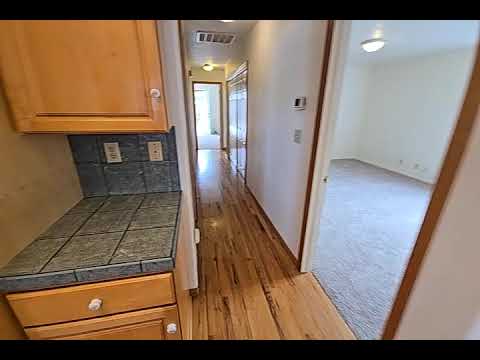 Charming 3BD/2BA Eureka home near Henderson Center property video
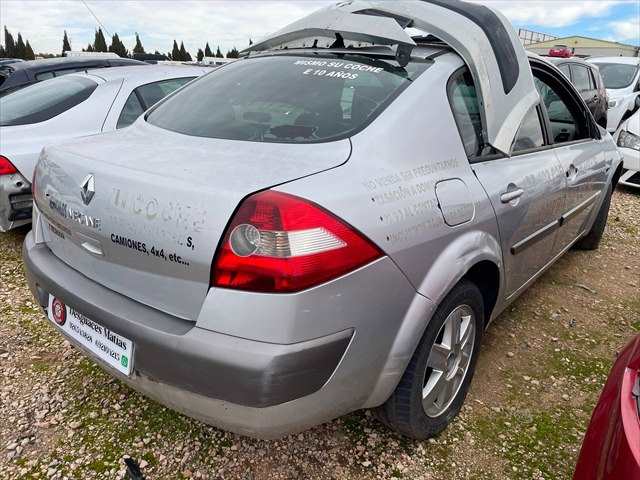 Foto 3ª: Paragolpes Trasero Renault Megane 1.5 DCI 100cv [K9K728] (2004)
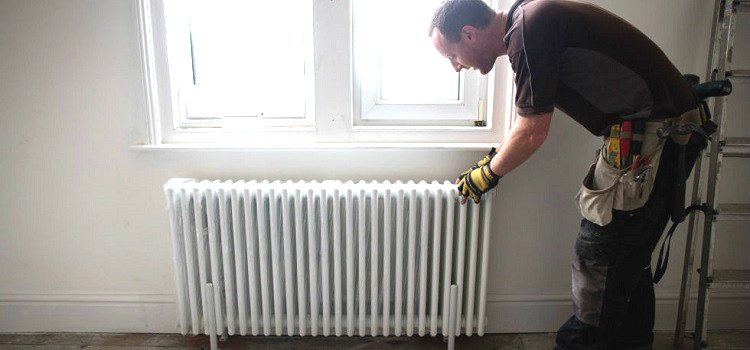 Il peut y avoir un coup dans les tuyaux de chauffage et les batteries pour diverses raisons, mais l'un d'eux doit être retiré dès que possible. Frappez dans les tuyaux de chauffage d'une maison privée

################

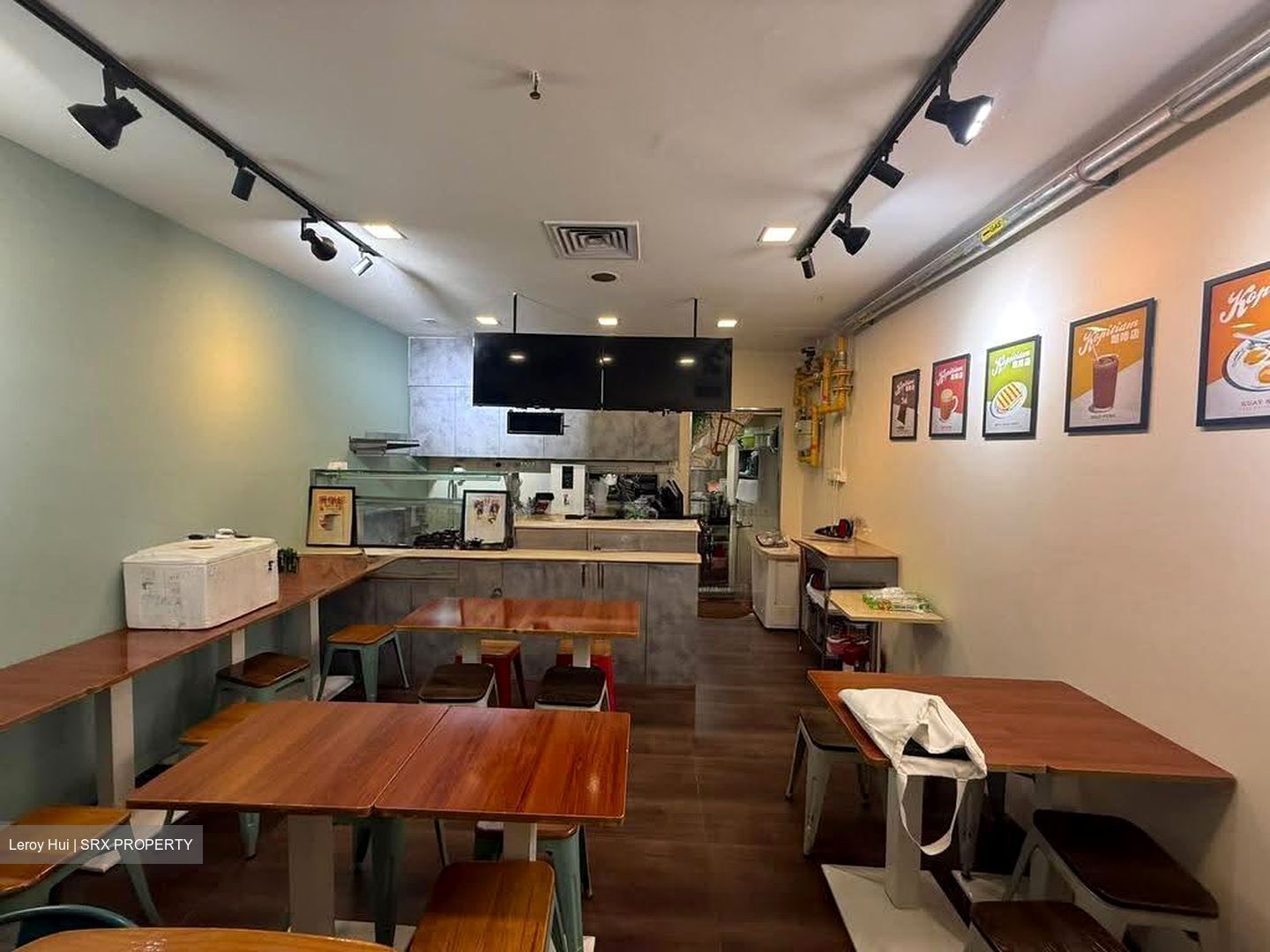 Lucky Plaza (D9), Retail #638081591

################

Copy out the lines above from the line containing "Foto 3ª: Paragolpes" through the line containing "Il peut y avoir", exactly, and keep the pictures out.

Answer to this problem >>
 Foto 3ª: Paragolpes Trasero Renault Megane 1.5 DCI 100cv [K9K728] (2004)
 Il peut y avoir un coup dans les tuyaux de chauffage et les batteries pour diverses raisons, mais l'un d'eux doit être retiré dès que possible. Frappez dans les tuyaux de chauffage d'une maison privée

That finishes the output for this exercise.